Narrabri Stellar Intensity Interferometer
- Alternative names: NSII
- Location(s): New South Wales, AUS
- Coordinates: 30°12′33″S 149°45′04″E﻿ / ﻿30.2092°S 149.751°E
- Location of Narrabri Stellar Intensity Interferometer

= Narrabri Stellar Intensity Interferometer =

Astronomical instrument in New South Wales, Australia (1963–1974)

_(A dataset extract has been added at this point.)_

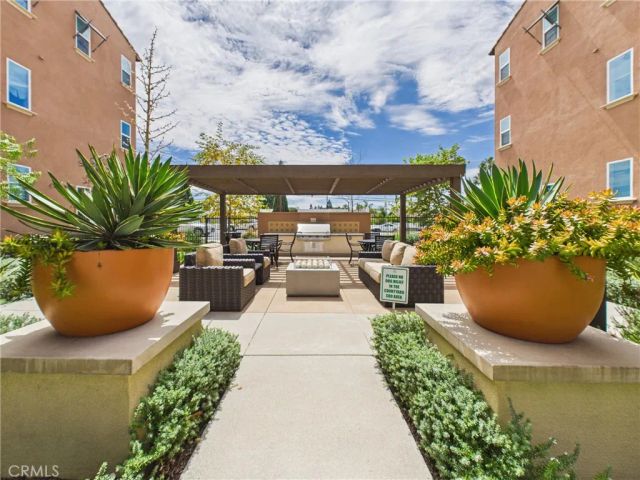17952 Seaglass Drive, Huntington Beach, CA 92647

The Narrabri Stellar Intensity Interferometer (NSII) was the first astronomical instrument to measure the diameters of a large number of stars at visible wavelengths. It was designed by (amongst others) Robert Hanbury Brown, who received the Hughes Medal in 1971 for this work. It was built by University of Sydney School of Physics and was located near the town of Narrabri in north-central New South Wales, Australia. Many of the components were constructed in the UK. The design was based on an earlier optical intensity interferometer built by Hanbury Brown and Richard Q. Twiss at Jodrell Bank in the UK. Whilst the original device had a maximum baseline of 10m, the NSII device consisted of a large circular track that allowed the detectors to be separated from 10 to 188m. The NSII operated from 1963 until 1974, and was used to measure the angular diameters of 32 stars.